Después de desayunar me pongo de acuerdo con Giorgos y Elia Rouvalis para visitar la Acrópolis y el museo que alberga los descubrimientos hechos durante las sucesivas restauraciones que han sido llevadas a cabo en los Propileos, el Erekhteion y, en primerísimo lugar, el Partenón. Recorremos en un taxi la Atenas moderna, nos acercamos a la Plaka, el barrio antiguo, y llegamos por el lado de la Puerta de Adriano, un más bien modesto pero elegante monumento que durante el reinado del famoso emperador romano fue construido, junto con otros, en su admirada ciudad. La Plaka está llena de jóvenes, vendedores, meseros y turistas que, como yo, acuden a este lugar soleado y cargado de belleza e historia.
Caminamos sobre el empedrado de mármol y a los pocos minutos aparece la Acrópolis, engarzada por sus enormes muros y rodeada por un pequeño bosque de olivares y laureles entre los que sobreviven las ruinas de otros edificios importantes. La Acrópolis, la «ciudad elevada». Esencial. Poderosa. Como una fortaleza o un templo naturales.
No se «va» al Partenón. Como en el caso del Muro de las Lamentaciones en Jerusalem, o la Kaaba en la Meca, se «sube» hacia él. El transcurso, a pesar de las veredas contemporáneas, los señalamientos y las hordas de turistas, tiene algo de ritual. El calor, la intensa luz del mediodía, reflejada en los mármoles, hacen que la sombra de los olivares y las ráfagas de brisa que van llegando del Ática, o desde el mar, se sientan como verdaderas caricias. Uno se va abstrayendo y deja de poner atención a las conversaciones o a los personajes de todo tipo que aparecen entre las filas de los visitantes. Al pasar los majestuosos pórticos de los Propileos, y caminando sobre el gastado, pulido piso de piedra del techo de la Acrópolis, comienza a perfilarse la verdadera meta de esta peregrinación: el virginario, el Templo de Atenea, diosa de la sabiduría; Hekatómpodos: el de las Cien Columnas.

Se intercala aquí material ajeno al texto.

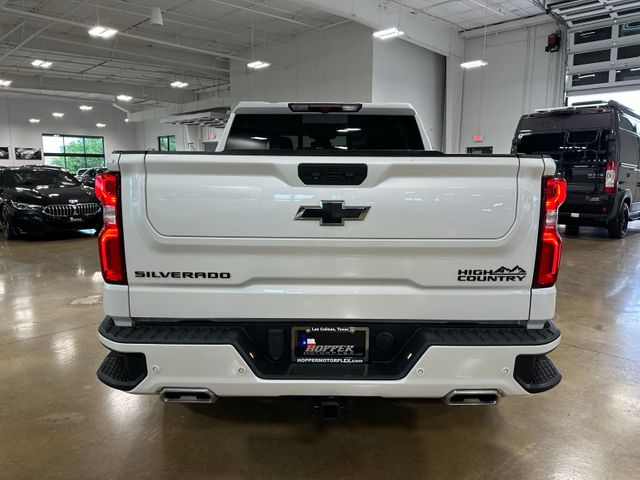 2022 Chevrolet Silverado 1500 High Country | Irving, Texas | Hopper Motorplex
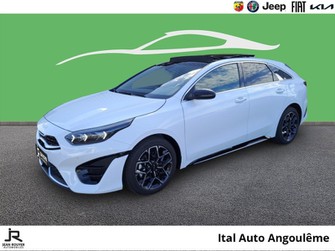 Photo Kia Pro Ceed 1.5 T-GDi 140ch GT-line Premium DCT7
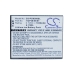 Battery Replaces 1ICP38/55/67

Es difícil decir algo sobre el Partenón. Esta suprema obra maestra, cuyo significado fue entendido ya desde el tiempo de su concepción (Pericles llegó a decir que su sola construcción sería suficiente para asegurar a Atenas un sitio en la historia de la humanidad) ha mantenido intacta su enorme fuerza estética y simbólica a lo largo de dos milenios y medio. Ni la guerra, ni los saqueos, ni la simple pero inexorable erosión, ni la evidente incompletud a la que el tiempo lo ha conducido han podido mermar belleza a este prodigio de serenidad y armonía. Para poder irradiar esa perfección, fue diseñado geométricamente como un edificio imperfecto. Es un hecho bastante conocido el que, al contrario de lo que parece, casi no contiene líneas rectas, porque sus volúmenes se comban y se arquean de continuo para poder vencer las leyes de la percepción a distancia: la perspectiva.
Construido en mármol de un color cercano al blanco, alguna vez sus frisos estuvieron pintados de colores realistas sobre un fondo lapislázuli o añil, generando la impresión de un ceñidor que coronara las columnatas del edificio. En el pasado albergó una enorme estatua de Atenea hecha de placas de marfil cuyo vestido estaba todo cubierto de láminas de oro y que llegó a ser considerada parte del tesoro público ateniense. Existen descripciones antiguas de ese altar deslumbrante, pero en la actualidad nada queda de los elementos interiores del edificio, que fueron desapareciendo conforme la desestructuración, eterna ley a la que se abandona toda estructura, fue carcomiendo la obra maestra. Una explosión ocasionada por el ejército veneciano en 1687 destruyó la techumbre y debilitó buena parte del edificio, haciendo llegar a un punto crítico su deterioro. Algunos hombres sueñan, proyectan, construyen; otros arrasan, destruyen, borran. Aun así, incluso ahora el Partenón sigue resplandeciendo.
Al recorrer los exteriores, enfrentándose a sus ritmos y armonías, uno siente una especie de transparencia y limpidez. Cuando el poeta Dino Siotis habla del «silencio dórico», tal vez se refiera, justamente, a esta experiencia. Y sin embargo hay algo de musical en el Partenón.
El viento arrecia, suena entre el bosque de los pilares de mármol. Y dan ganas de callar, uno mismo. De no tratar de añadir.